Когда у человека отбирают хлеб, он, говорят, сохраняет способность к выживанию в течение нескольких месяцев (а в отдельных случаях - вспомним отечественную историю! - даже выражает готовность примириться с обстоятельствами). Когда гуманитария лишают выпестованной идеи, если моралиста упрекают в антиобщественном поведении, когда, наконец, в науке доказательно опровергают апробированную методику, интеллигенты, как правило, впадают в ступор и какой-то период продолжают действовать, что называется, по инерции.

Помимо остального, концепция многополярного мира являлась, чем-то вроде фундамента самоуважения российского политикума, включая руководителей масс-медиа, “горбачевского призыва”: как же, потерпев поражение в “холодной войне”, они тщились сохраниться, не в качестве идеологических рупоров “цивилизованного мира”, но в виде политической элиты одного из столпов постсоветского мироустройства (впрочем, и сама концепция была не так плоха!).

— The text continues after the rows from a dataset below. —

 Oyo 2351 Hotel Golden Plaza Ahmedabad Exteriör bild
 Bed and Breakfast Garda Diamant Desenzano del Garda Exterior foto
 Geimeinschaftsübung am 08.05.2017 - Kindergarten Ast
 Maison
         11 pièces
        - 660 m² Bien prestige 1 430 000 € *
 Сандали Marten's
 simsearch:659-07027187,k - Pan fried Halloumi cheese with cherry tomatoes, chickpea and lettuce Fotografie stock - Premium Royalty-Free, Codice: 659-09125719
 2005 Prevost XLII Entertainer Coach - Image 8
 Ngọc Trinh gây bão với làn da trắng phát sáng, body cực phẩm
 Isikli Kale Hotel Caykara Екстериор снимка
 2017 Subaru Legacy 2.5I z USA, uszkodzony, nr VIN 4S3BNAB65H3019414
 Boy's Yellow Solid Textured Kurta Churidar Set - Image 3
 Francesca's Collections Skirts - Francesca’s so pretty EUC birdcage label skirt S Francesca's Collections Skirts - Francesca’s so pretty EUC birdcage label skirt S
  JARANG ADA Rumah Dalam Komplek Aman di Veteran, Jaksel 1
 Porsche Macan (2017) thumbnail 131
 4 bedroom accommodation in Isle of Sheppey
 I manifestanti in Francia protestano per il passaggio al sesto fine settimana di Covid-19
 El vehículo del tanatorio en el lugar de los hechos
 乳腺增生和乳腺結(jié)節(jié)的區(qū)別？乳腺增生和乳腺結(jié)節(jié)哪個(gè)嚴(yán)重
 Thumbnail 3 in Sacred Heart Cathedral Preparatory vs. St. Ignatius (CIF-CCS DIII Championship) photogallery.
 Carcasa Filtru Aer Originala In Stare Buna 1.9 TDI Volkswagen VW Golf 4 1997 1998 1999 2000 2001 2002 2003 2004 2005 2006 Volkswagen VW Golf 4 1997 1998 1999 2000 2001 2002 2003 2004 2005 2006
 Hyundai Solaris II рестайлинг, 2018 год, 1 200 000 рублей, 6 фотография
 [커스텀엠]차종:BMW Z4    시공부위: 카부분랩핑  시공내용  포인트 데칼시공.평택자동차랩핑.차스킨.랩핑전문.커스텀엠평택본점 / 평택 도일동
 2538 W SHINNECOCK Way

Драматический опыт участия России в югославских событиях, фактическое устранение российской дипломатии из процесса арабо-израильского урегулирования, наконец, очевидный дипломатический успех на афганском направлении приучили российских дипломатов к мысли об эффективности горчаковского метода решения внешнеполитических проблем.

Полководцу действующей армии трудно отличить победу в крупном сражении от перелома в ходе военной кампании, стратегическое поражение от тактического (это за него, как правило, в последствии делают мемуаристы). В такие моменты особенно велик соблазн выдавать желаемое за действительное.